- Awards: Aitken Lectureship

Academic background
- Education: Dartmouth College
- Thesis: Classifying the Type of Groupoid C*-algebras (2004);
- Doctoral advisor: Dana Peter Williams

Academic work
- Institutions: Victoria University of Wellington

= Lisa Orloff Clark =

New Zealand mathematician

Lisa Orloff Clark is a New Zealand mathematician, and as of 2023 is a full professor at Victoria University of Wellington and head of the School of Mathematics and Statistics. She works in the field of algebra and also on inquiry-based learning in mathematics education.

==Academic career==

Clark completed a PhD titled Classifying the Type of Groupoid C*-algebras at Dartmouth College in 2004. Clark then joined the faculty of the Victoria University of Wellington, rising to full professor in 2023. She has published on C*-algebras, groupoids, Steinberg algebras and Leavitt path algebras.

Clark is the Head of the School of Mathematics and Statistics at Victoria University of Wellington. She is on the editorial board of the Journal of Inquiry-Based Learning in Mathematics.

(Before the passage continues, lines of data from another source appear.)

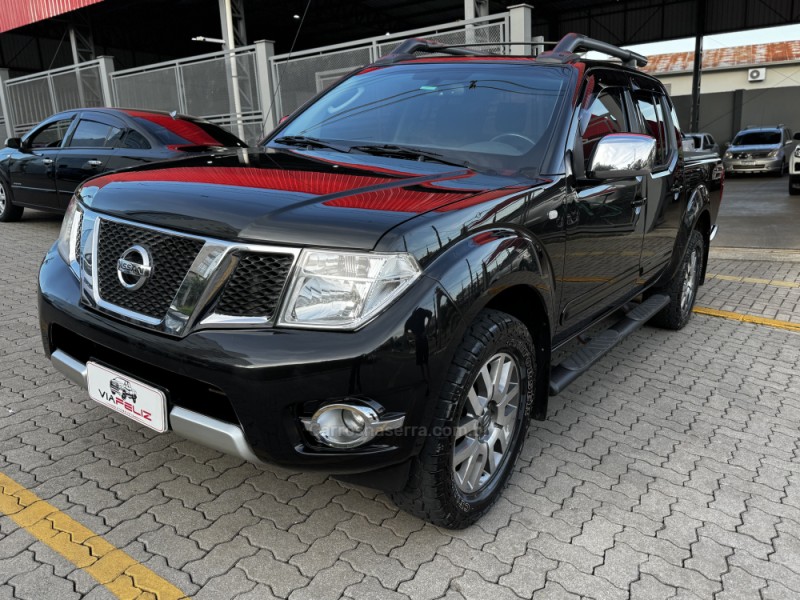 FRONTIER 2.5 SL 4X4 CD TURBO ELETRONIC DIESEL 4P AUTOMÁTICO - 2014 - FELIZ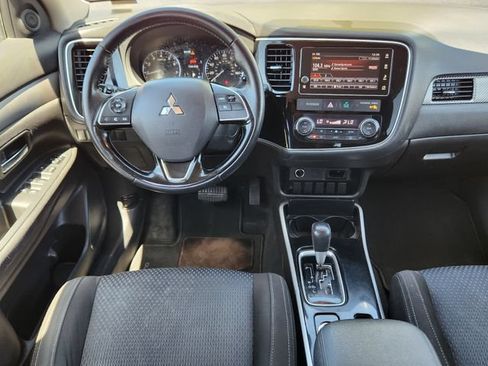 Used 2018 Mitsubishi Outlander SE AWD/4WD image 27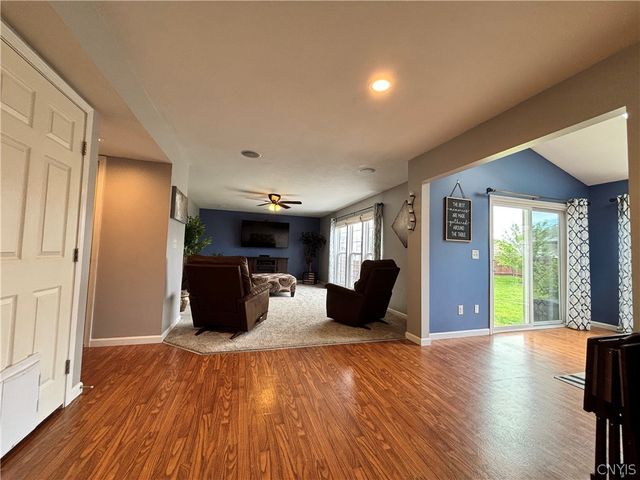 5489 Bingley Lane, Clay, NY 13041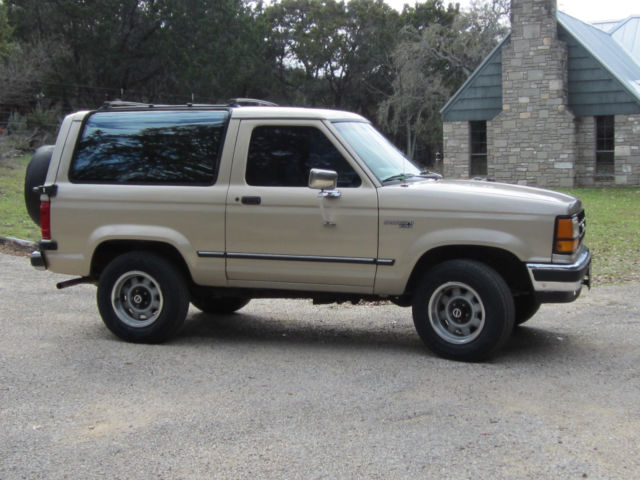 1990 Blue Ford Bronco SUV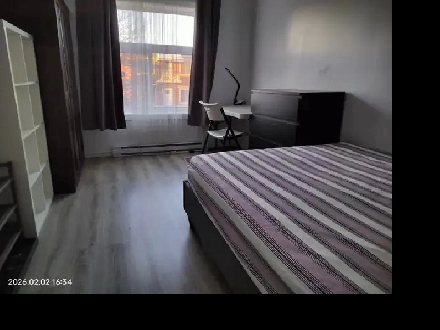 Big room, one min to metro Monk, All included, For female only. Image# 1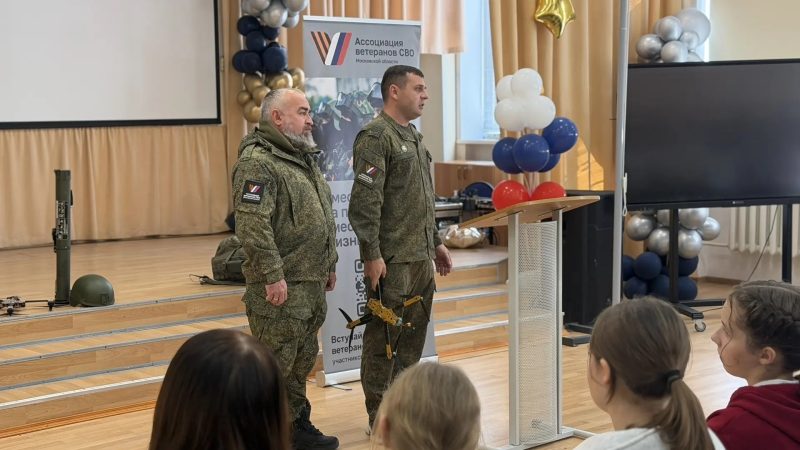 Уроки мужества: живой разговор с защитниками Отечества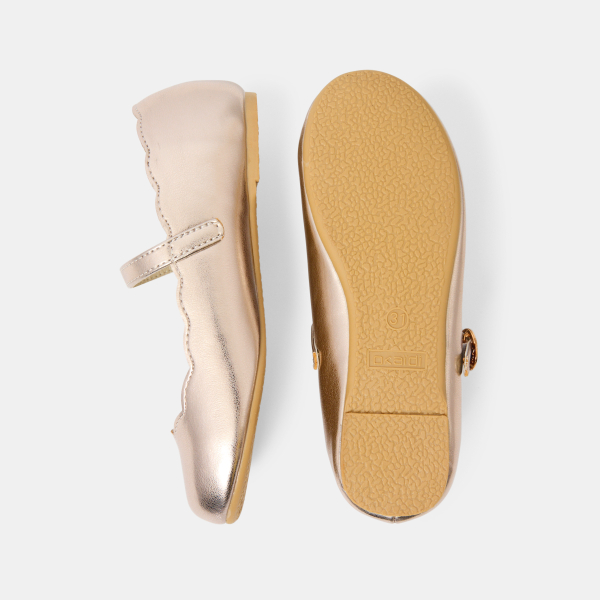 Baby girl's gold ballet flats with strap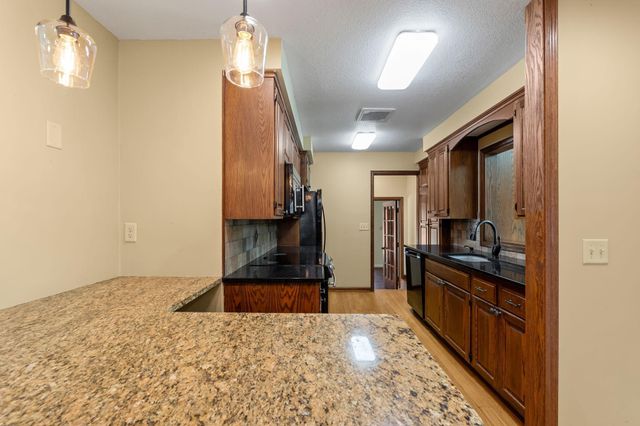 6180 Chaska Road, Excelsior, MN 55331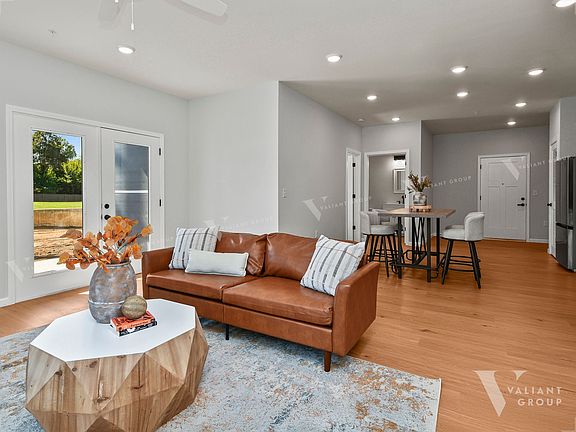 3rd image of 505 W Grand St #110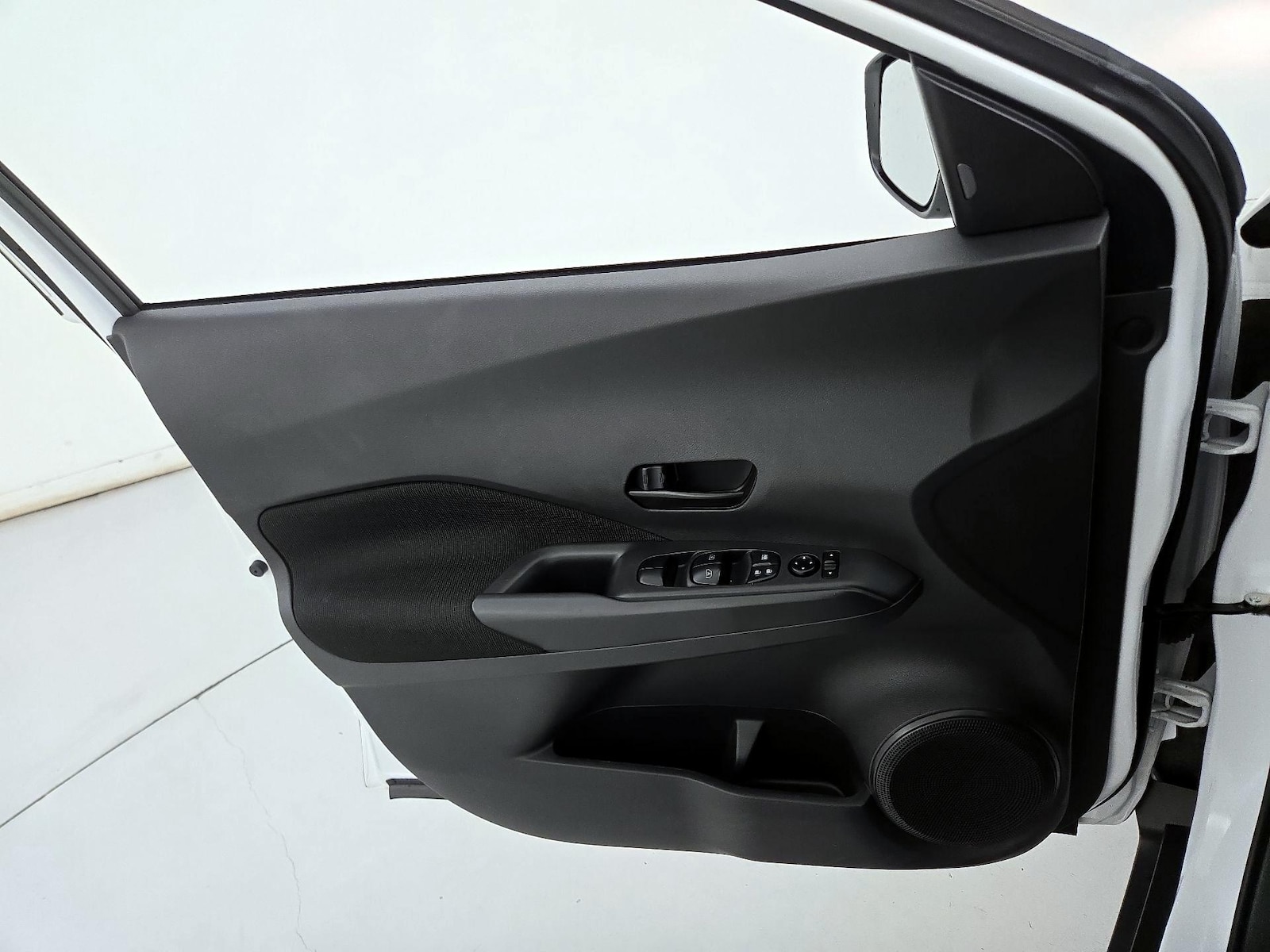 2024 Nissan Kicks S - Photo 13
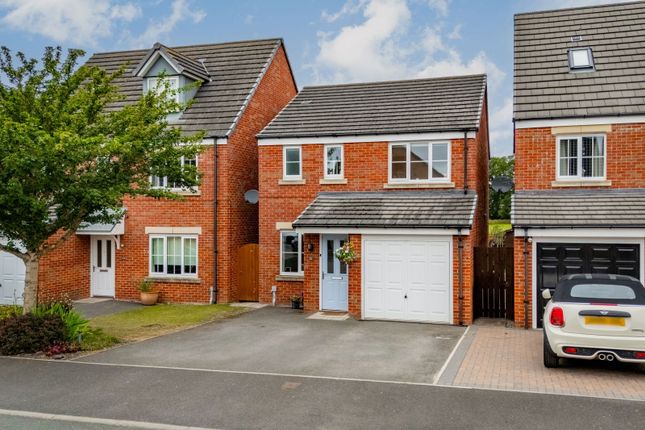 22, Holme Farm Way, Pontefract photo 3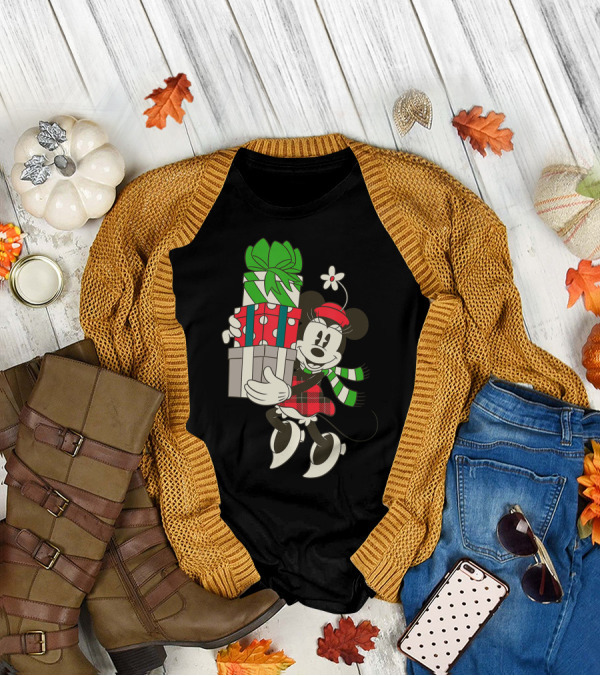Vintage Minnie Mouse Holiday Presents Disney T-Shirt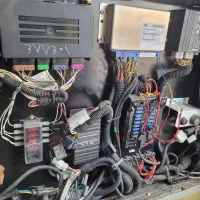 باتریساز یا اچار به دست فنی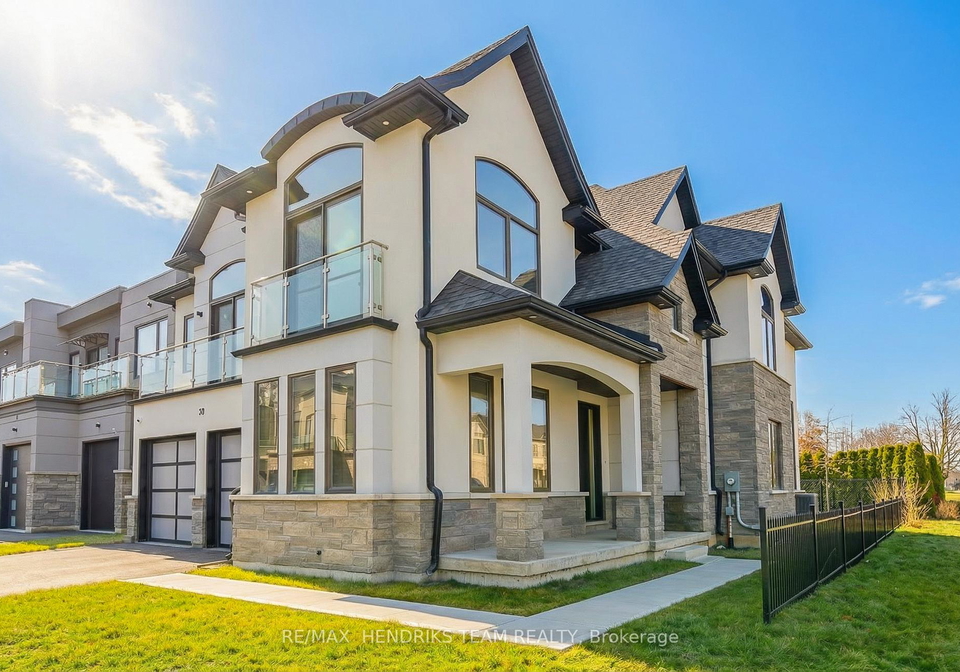 39-sunrow-gate-hamilton-ontario-x12681882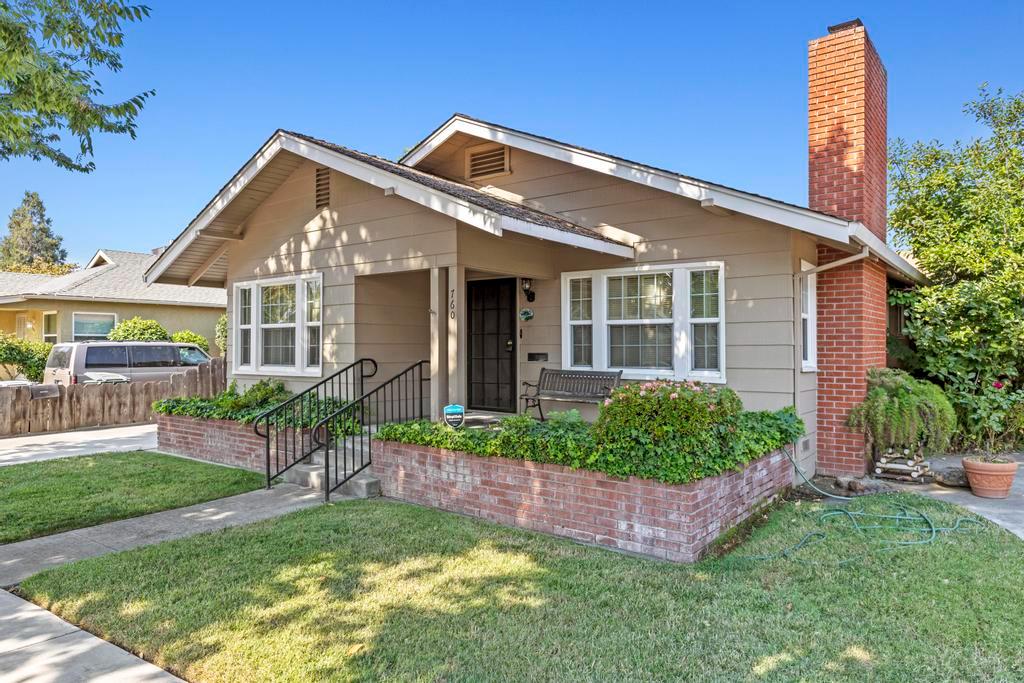 760 Orange Street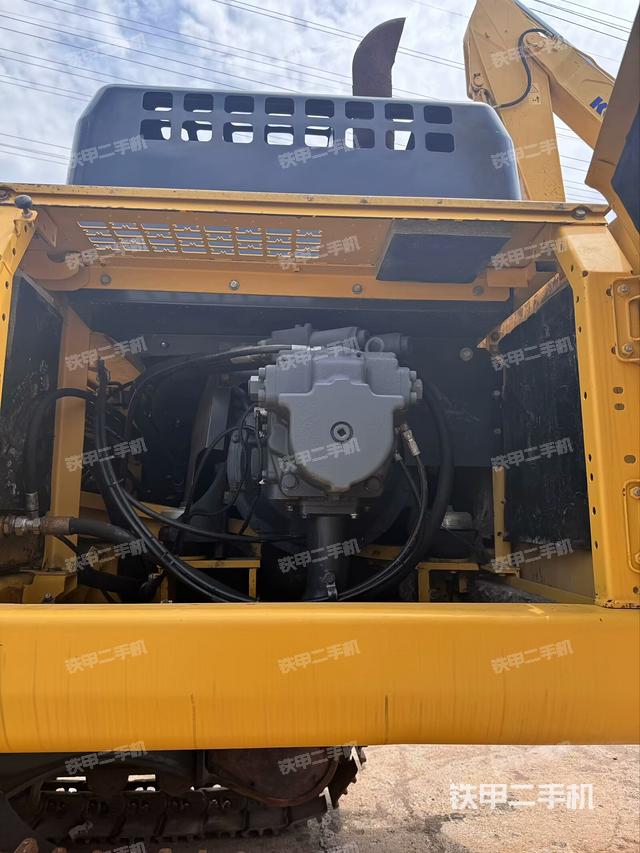 液压泵斜45 左（大件舱室）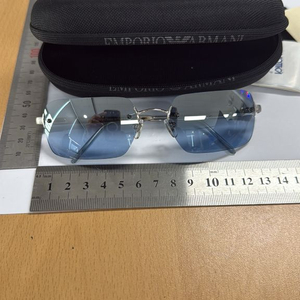 엠포리오 아르미니 선글라스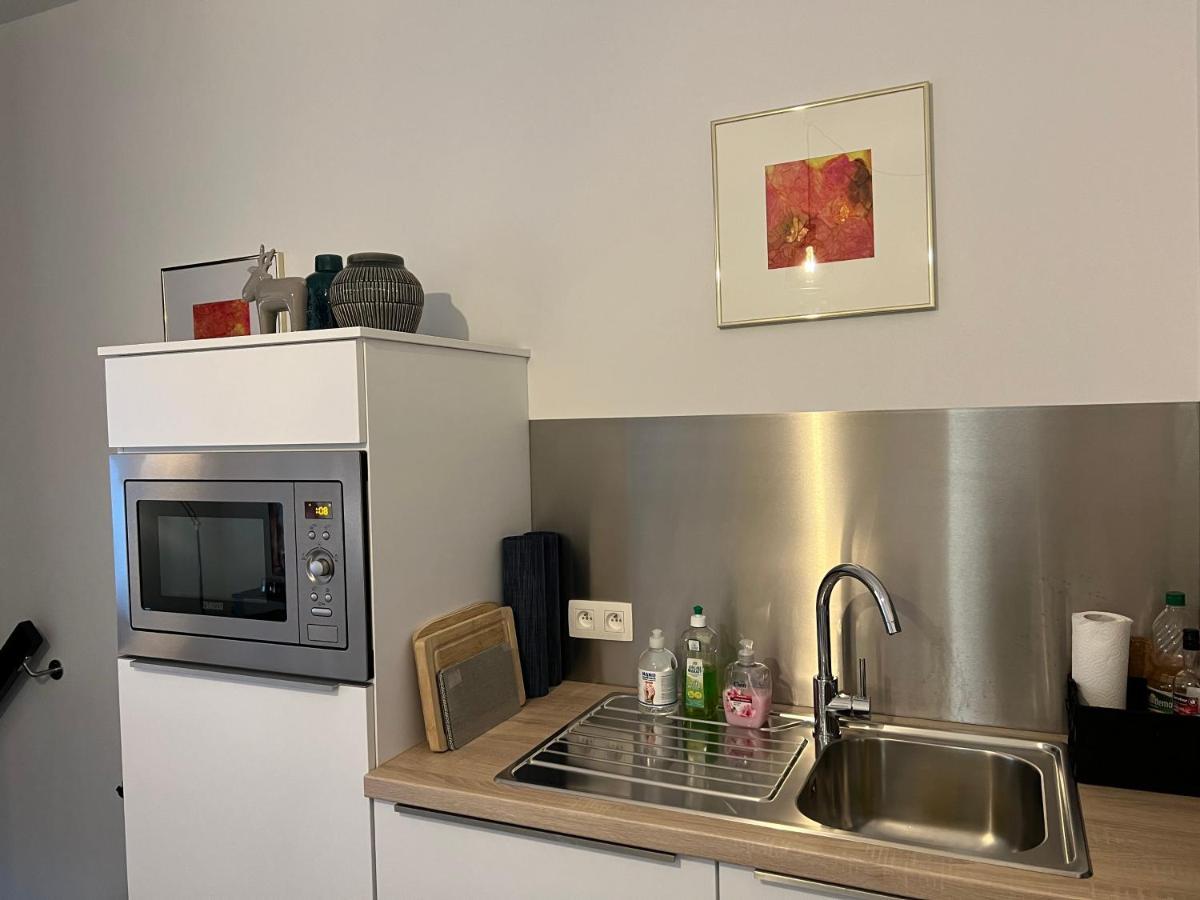 Les Duplex De La Place Des Ecoles Спа Екстериор снимка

In 2018 Clark was an associate investigator on a Marsden grant led by Astrid an Huef and Iain Raeburn, titled Through the looking glass: sharpening the classification program through implications for operator algebras of graphs and groupoids. In 2021 Clark and an Huef were joint principal investigators on another successful Marsden grant, called Establishing a structure theory for C*-algebras of non-Hausdorff groupoids.

== Honours and awards ==
In 2017 Clark was awarded the New Zealand Mathematical Society's top prize, the Kalman Prize for best paper. She was a plenary speaker at the NZMS colloquium in 2019.

In 2022 Clark was awarded the Aitken Lectureship, a joint award between the New Zealand and London Mathematical Societies. Clark gave lectures at Queen's University Belfast, Durham University, Aberystwyth University and at the London Mathematical Society annual meeting.